July 23, 2007 at 6:18 am (Uncategorized)

It’ll be six weeks tomorrow since I sent the sample chapters and synopsis to my dream agency. I haven’t heard anything, and it’s fair to say I’m gradually losing hope. Their website says responses usually take between 8-10 weeks, so we’re still in the midst of the consideration period, true, but there’s part of me that argues quite persuasively to the rest of me that it probably doesn’t take that long to hear something if they’re interested.

Think of it. If you’ve applied for a job, for instance, you learn fairly promptly if you’ve made it to the interview stage. It’s only the rejected applicants who don’t get a phone call. After a reasonable interval, they get a letter advising them that they’ve been unsuccessful on this occasion. I feel like I am in the middle of this interval right now, because I think if someone were considering taking our correspondence any further, I would have had a call by now. I’d be prepared to bet that the agency phones the people they want and writes to those they don’t.

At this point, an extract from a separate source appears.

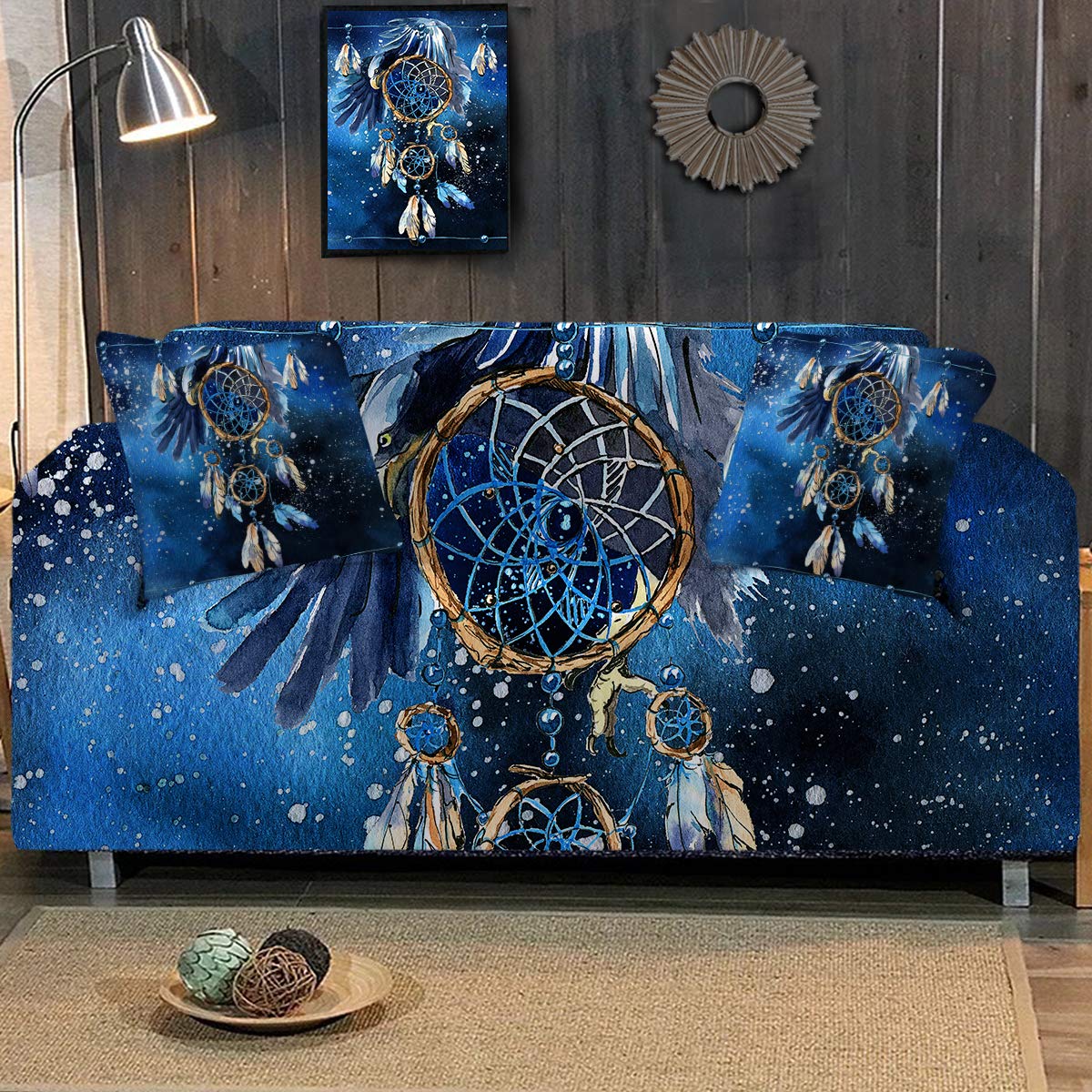 Sleepwish Printed Stretch Sofa Slipcover - 3 Cushion Couch, Loveseat & Armchair Cover with 2 Free Pillow Covers (Blue Galaxy) - Perfect for Living Room, Bedroom & Home Decor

Rejection happens to just about everyone in this game, so I’m told. I can expect to be rejected for years. Non-stop. I may have to write four or five unpublished manuscripts before something happens for me. Even then nothing may. So I almost have to be rejected by this agency. It’s all to do with probability and the law of averages. What are the chances of an unpublished author having her first manuscript picked up by the first agency she approaches? Slim, approaching anorexic.

So it was heartening to read this in today’s SMH online. You really have to admire a guy who leaves ‘King’ off the end of his name so as to protect his credibility and quash those nepotism rumours before they even have a chance to hatch. I mean, Stephen King is a pretty big goose when it comes to the laying of golden eggs (oh please, God, let me walk away unharmed from this metaphor wreckage before the authorities arrive…), so had his son been prepared to exploit that happy paternity, and had Stephen King been willling to accommodate such efforts, one would have to assume agents and publishers alike might have been…what? Compelled or persuaded or curious or sycophantic or smart enough to listen. Instead, the son drops the royal seal from his title and goes forth into the world dressed in rags, determined to find his own long and difficult path toward his own, er, King-dom.

And throughout his journey to publication and a movie deal, it seems his sense of humour never left him, not even with four failed manuscripts screaming at him from every corner. He’s very funny talking about his anonymity, which, he suggests, was so easy to protect thanks to failure. Nothing averts scandal like complete indifference, after all.

Only now has he shrugged off his beggar’s cloak and revealed the princely robes underneath. Now the world knows he’s Stephen King’s son, and I bet that is one proud daddy-o.

* As an aside, Stephen King’s text On Writing is a very practical guide to trying to write. It contains advice I will never forget and to which I constantly refer.